Prompt:
Find the line with "Calypso, Apartamento Completo" in the entries below. Repeat it, every following line, and the line with "3rd image of 741 Wesley Ave", exactly and with nothing added.

Web page caption snippets:
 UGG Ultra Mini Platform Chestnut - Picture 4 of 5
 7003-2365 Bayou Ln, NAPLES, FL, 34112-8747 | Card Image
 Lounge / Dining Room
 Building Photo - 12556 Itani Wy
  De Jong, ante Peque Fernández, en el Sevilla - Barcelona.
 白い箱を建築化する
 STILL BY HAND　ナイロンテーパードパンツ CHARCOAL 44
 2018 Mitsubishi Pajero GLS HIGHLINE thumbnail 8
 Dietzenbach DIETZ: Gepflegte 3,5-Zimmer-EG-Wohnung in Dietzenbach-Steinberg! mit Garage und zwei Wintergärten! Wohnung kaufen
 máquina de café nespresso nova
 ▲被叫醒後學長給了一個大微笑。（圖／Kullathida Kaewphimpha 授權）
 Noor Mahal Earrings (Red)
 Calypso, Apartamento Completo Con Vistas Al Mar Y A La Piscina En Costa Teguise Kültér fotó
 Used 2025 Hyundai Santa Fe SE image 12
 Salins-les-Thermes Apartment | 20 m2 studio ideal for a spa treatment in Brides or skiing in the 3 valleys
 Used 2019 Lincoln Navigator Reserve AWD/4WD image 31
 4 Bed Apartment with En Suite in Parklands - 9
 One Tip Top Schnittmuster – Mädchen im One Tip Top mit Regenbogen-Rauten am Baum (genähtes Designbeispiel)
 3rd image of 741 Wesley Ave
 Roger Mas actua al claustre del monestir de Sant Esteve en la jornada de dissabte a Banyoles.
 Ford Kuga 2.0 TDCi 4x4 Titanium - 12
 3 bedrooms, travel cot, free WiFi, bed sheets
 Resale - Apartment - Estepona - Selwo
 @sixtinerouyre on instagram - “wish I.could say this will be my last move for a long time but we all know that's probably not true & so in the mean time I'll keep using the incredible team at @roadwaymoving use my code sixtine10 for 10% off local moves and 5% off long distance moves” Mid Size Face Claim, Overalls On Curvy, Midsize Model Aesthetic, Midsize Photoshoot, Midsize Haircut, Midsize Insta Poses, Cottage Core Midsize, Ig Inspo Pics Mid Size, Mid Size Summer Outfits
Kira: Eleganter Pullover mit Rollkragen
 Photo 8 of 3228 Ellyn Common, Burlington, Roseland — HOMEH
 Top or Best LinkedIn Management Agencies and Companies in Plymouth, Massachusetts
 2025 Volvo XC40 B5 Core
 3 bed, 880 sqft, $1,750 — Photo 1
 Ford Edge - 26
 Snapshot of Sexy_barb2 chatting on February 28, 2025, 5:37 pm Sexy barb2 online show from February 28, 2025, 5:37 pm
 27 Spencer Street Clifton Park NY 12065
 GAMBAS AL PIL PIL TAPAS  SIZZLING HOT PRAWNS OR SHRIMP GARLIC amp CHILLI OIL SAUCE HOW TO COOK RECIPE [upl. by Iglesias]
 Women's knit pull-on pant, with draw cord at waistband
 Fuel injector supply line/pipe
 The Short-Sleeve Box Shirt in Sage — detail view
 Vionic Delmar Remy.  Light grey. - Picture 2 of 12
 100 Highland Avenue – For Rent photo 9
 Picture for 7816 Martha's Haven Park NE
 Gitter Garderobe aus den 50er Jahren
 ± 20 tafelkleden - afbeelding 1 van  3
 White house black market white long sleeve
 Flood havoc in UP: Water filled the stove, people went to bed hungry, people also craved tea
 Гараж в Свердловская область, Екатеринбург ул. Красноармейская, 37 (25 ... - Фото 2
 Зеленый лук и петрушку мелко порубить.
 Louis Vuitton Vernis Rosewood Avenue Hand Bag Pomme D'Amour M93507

Task answer:
 Calypso, Apartamento Completo Con Vistas Al Mar Y A La Piscina En Costa Teguise Kültér fotó
 Used 2025 Hyundai Santa Fe SE image 12
 Salins-les-Thermes Apartment | 20 m2 studio ideal for a spa treatment in Brides or skiing in the 3 valleys
 Used 2019 Lincoln Navigator Reserve AWD/4WD image 31
 4 Bed Apartment with En Suite in Parklands - 9
 One Tip Top Schnittmuster – Mädchen im One Tip Top mit Regenbogen-Rauten am Baum (genähtes Designbeispiel)
 3rd image of 741 Wesley Ave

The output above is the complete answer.